If it hadn't been for that farm and that job, I wouldn't have met and married the love of my life Mary Lu Dovel Batson. If it hadn't been for that farm and that job, I wouldn't have made so many good life-long friends. I wouldn't have been in a heavy metal band. I wouldn't have led bible studies for 25+ years. The list goes on and on and on.

Please don't misunderstand, the work was HARD. It was relentless and hot, strenuous and mentally taxing. There were times out in the July heat, I thought I'd lose my mind. Once I almost started a fistfight with one of my best friends {I'm looking at you Warren Cramutola}. On the rare day off, I was in recovery. My neck hurt, my back ached, my knees were on fire, and I was sunburned to the point where, eventually, I'm sure I'll look more like a gator than a man.

In retrospect, however, I realize that it was hard work for a purpose. God had His fingerprints all over that time of my life and all over that arduous job. The experience reminds me of a couple of critically important Bible verses:

Romans 5:3-5
3 And not only this, but we also exult in our tribulations, knowing that tribulation brings about perseverance; 4 and perseverance, proven character; and proven character, hope; 5 and hope does not disappoint, because the love of God has been poured out within our hearts through the Holy Spirit who was given to us.

God used the lever of hard physical labor to cause me to persevere, to build character, and yes, over the years to give me hope beyond hope. God wasn't finished, either. He was just warming up the holy chisel. Through parenting, married life, career issues, sickness, death, loss, depression, and even the pandemic, God has shown me who He is and how good He is. He has continued and still continues to chisel away at me for His glory and my ultimate great benefit.

Trials, stress, hardship—none of that is foreign to the human experience.

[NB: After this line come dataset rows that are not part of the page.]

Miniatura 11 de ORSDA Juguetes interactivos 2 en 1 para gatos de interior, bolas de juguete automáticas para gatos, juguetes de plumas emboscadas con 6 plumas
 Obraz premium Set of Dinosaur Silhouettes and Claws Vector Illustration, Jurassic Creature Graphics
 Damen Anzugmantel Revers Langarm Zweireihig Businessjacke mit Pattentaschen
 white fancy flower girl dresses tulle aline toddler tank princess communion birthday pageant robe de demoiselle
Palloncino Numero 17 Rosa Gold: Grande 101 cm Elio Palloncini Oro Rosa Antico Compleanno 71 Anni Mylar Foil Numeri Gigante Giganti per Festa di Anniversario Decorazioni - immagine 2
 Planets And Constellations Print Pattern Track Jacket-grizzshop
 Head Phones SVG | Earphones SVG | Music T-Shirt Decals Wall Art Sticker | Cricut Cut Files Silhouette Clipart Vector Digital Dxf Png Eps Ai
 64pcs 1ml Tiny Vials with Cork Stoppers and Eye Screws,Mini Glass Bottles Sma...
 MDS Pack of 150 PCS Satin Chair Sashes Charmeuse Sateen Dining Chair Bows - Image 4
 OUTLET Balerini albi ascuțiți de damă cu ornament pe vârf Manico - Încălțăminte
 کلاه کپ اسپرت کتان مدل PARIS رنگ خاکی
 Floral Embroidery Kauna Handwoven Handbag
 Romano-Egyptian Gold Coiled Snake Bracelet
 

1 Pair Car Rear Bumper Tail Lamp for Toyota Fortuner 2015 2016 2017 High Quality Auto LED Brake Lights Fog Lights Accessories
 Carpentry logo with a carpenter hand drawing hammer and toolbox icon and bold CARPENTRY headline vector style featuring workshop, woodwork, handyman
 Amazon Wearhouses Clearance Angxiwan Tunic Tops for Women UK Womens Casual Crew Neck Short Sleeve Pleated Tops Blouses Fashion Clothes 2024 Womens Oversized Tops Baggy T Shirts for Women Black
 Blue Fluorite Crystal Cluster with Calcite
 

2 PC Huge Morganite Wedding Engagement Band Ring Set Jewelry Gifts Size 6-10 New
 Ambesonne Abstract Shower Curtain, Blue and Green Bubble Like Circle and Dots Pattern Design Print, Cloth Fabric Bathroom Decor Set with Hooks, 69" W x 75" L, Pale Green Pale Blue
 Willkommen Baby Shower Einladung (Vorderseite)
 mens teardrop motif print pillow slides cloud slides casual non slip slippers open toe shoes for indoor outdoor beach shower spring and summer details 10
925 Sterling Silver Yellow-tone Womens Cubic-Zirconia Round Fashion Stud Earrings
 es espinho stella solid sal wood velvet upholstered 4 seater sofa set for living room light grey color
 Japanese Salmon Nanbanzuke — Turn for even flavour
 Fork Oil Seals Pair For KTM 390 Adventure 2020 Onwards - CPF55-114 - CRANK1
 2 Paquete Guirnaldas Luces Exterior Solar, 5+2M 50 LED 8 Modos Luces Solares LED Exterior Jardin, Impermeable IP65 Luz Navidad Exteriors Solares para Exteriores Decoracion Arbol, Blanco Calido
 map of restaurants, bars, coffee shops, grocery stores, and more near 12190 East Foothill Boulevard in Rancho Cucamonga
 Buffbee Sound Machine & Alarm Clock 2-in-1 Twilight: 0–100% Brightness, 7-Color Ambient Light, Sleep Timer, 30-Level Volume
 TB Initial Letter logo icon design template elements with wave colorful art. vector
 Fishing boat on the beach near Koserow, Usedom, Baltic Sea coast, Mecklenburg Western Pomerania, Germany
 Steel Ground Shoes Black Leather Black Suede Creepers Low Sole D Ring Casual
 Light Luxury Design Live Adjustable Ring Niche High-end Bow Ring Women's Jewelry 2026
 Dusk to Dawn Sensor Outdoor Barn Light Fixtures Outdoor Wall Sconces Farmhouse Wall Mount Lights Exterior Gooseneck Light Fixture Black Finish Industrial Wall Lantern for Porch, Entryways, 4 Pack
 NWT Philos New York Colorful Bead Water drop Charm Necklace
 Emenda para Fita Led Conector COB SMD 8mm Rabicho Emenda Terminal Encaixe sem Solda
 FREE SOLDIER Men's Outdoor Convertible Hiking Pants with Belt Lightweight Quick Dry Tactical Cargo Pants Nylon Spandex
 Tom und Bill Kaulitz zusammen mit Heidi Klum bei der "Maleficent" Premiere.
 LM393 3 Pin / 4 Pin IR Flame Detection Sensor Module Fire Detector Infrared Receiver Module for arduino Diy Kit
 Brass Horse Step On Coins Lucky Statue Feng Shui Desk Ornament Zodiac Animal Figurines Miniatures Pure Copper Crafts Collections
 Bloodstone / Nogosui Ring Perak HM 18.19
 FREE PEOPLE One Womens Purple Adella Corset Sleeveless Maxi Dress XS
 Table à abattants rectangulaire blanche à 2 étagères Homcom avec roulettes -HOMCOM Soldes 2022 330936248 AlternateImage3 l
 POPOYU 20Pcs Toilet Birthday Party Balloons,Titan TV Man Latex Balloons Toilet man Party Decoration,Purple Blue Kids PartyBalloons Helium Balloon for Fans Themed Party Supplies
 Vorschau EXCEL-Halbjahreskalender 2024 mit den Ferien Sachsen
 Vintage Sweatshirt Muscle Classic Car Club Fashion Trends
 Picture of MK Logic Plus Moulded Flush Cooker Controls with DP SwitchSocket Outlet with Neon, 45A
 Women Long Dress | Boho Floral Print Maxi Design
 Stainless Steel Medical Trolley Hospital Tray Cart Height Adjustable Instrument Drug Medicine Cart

Some of you reading right now are going through the aching, searing, trial of your lives. It's hard. It hurts...bad. It feels like it will never end and that there's no way God could ever use it for ultimate good. He can, and He will. Persevere. Look for Jesus in the midst of the pain. Ask Him to hold you, teach you, uplift, and recreate you. He will. Hey, he plucked me out of a freaking strawberry field. He can pick you up too. 
 
PS: Fuzzy and Denise Kurtz, wherever you are, thank you so much for working my teenage butt off! I miss you.